[Exercise aim]: Return, exactly as written, the line containing "Limited Edition Cake" and every line after it to the end of the records below, with no pictures.

-- Material for this exercise follows --

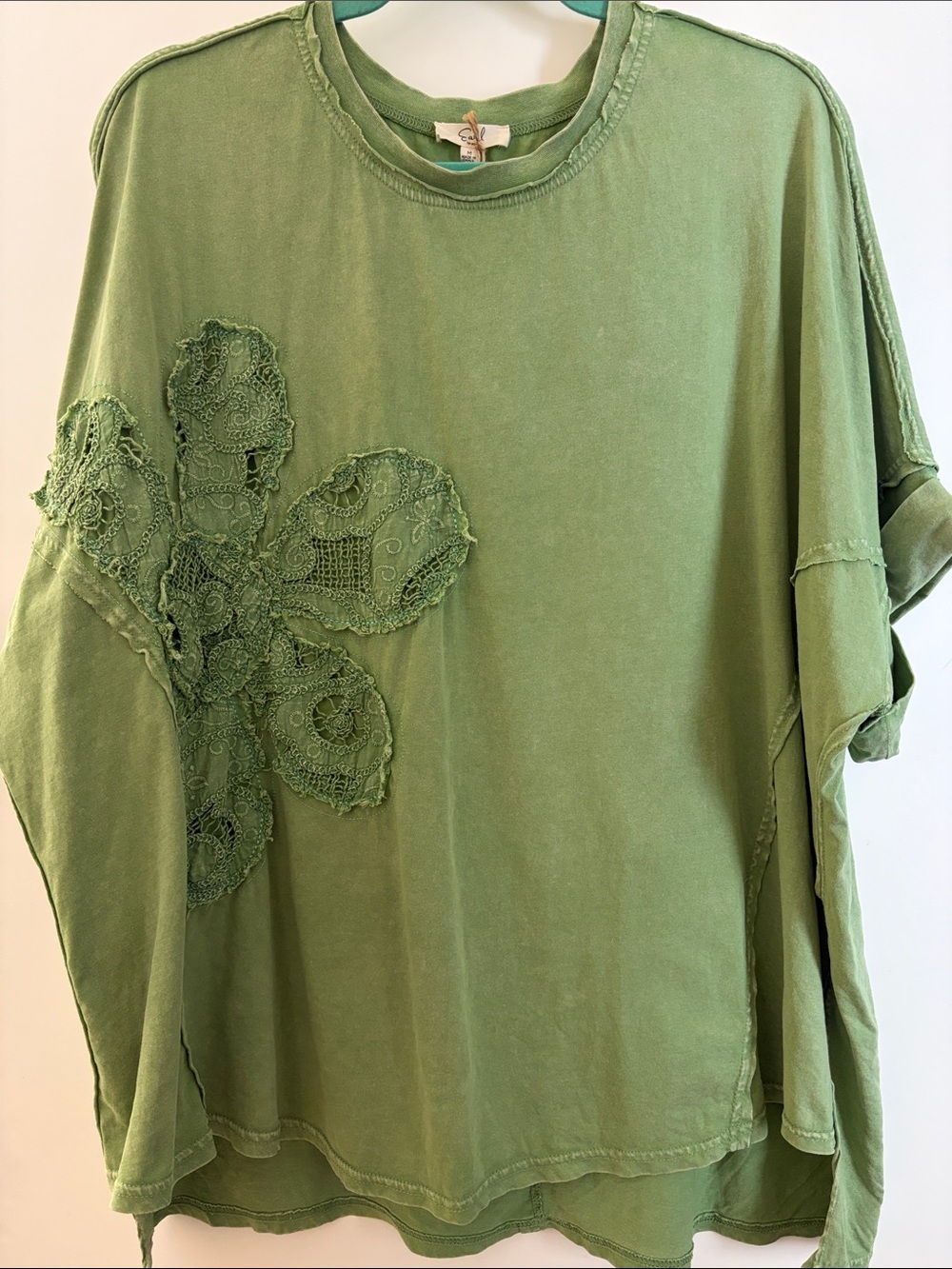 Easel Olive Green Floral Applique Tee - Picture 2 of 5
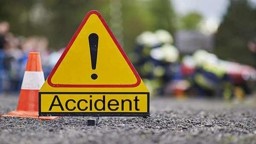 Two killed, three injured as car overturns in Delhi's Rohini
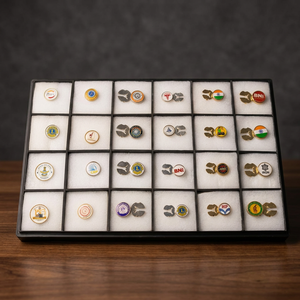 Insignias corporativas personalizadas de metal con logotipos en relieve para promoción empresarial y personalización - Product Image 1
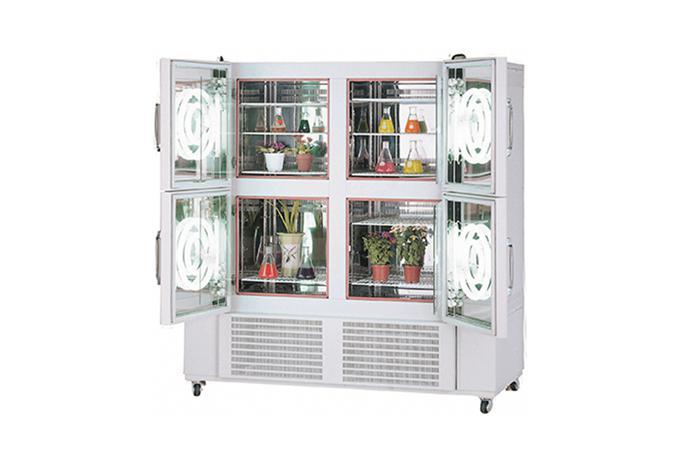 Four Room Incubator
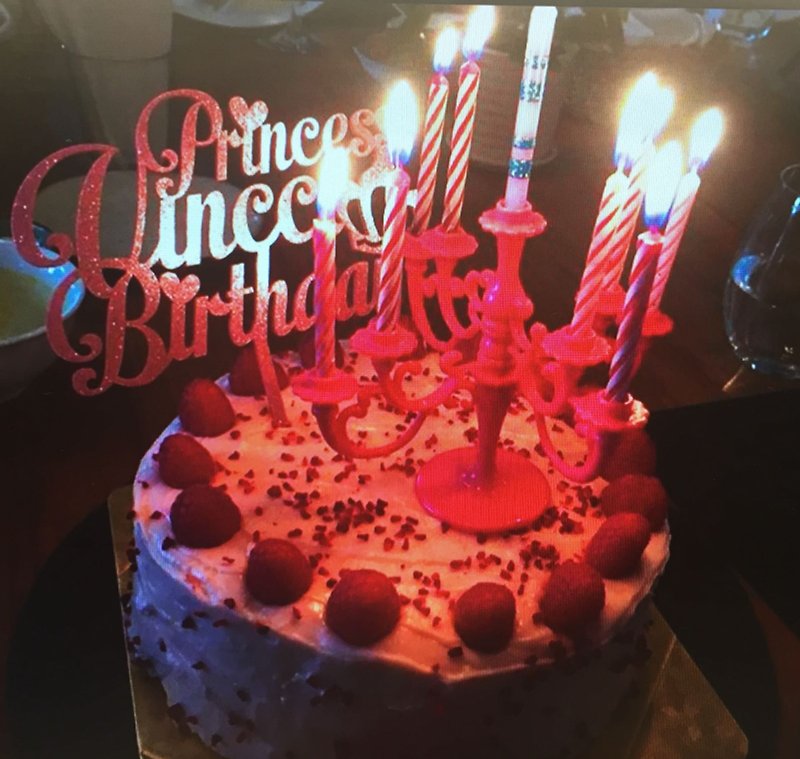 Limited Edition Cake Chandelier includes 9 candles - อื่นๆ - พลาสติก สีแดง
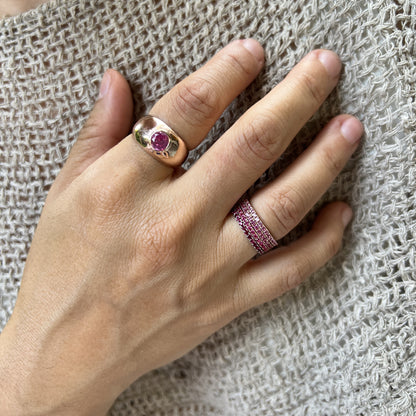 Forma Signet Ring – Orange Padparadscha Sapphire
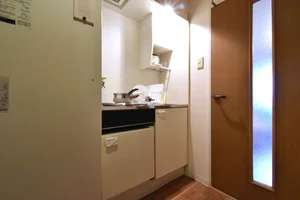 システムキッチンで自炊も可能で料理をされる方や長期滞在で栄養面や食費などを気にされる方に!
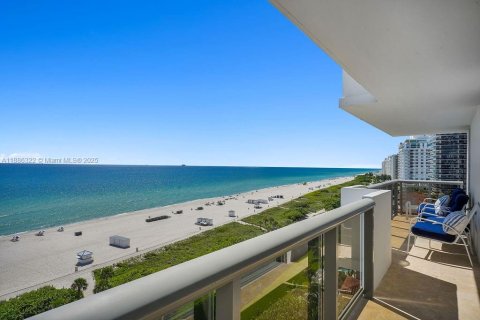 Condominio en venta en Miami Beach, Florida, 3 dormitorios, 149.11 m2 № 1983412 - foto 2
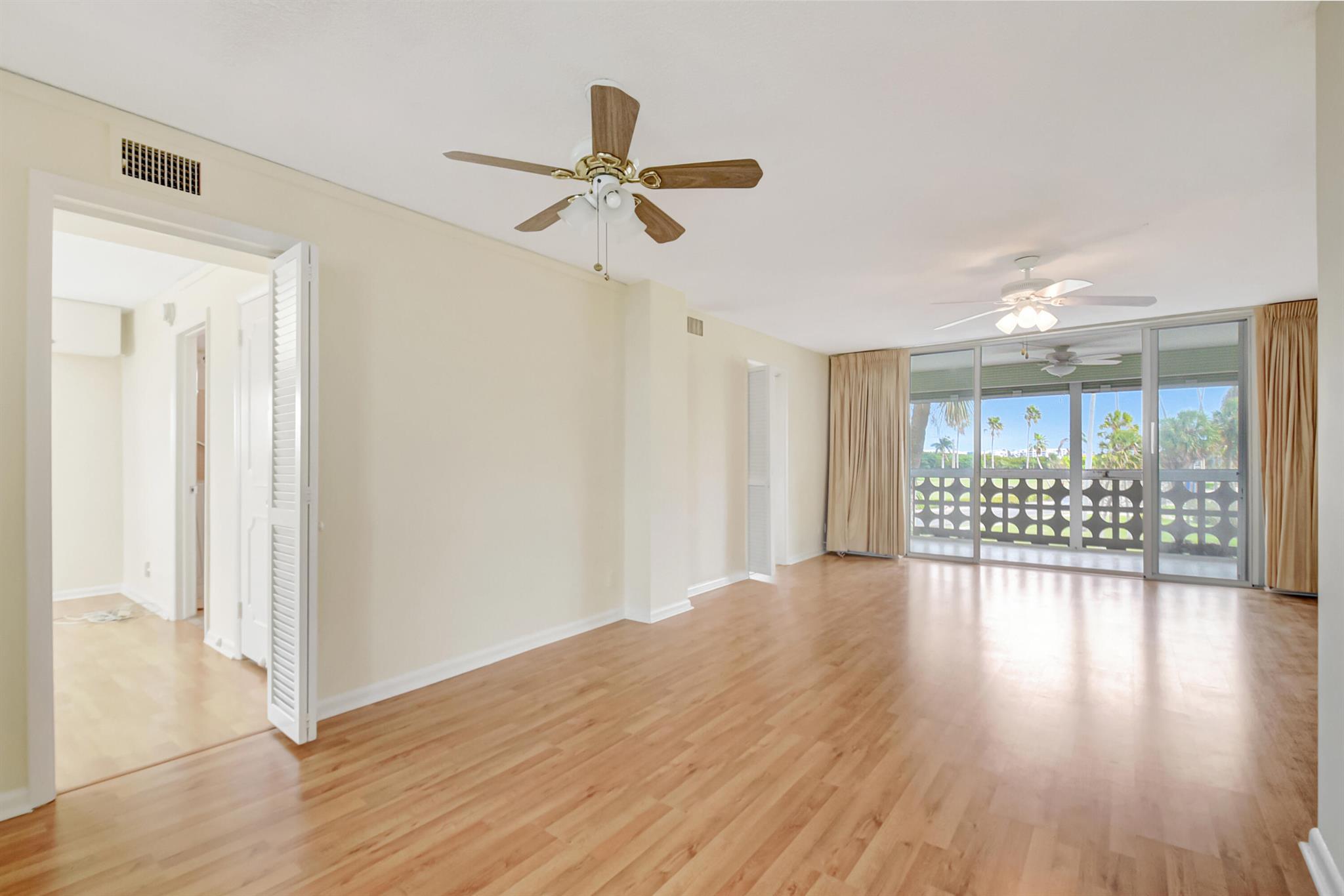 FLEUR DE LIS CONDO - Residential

-- Material for this exercise concluded --

[Response]:
 Limited Edition Cake Chandelier includes 9 candles - อื่นๆ - พลาสติก สีแดง
 Forma Signet Ring – Orange Padparadscha Sapphire
 システムキッチンで自炊も可能で料理をされる方や長期滞在で栄養面や食費などを気にされる方に!
 Condominio en venta en Miami Beach, Florida, 3 dormitorios, 149.11 m2 № 1983412 - foto 2
 FLEUR DE LIS CONDO - Residential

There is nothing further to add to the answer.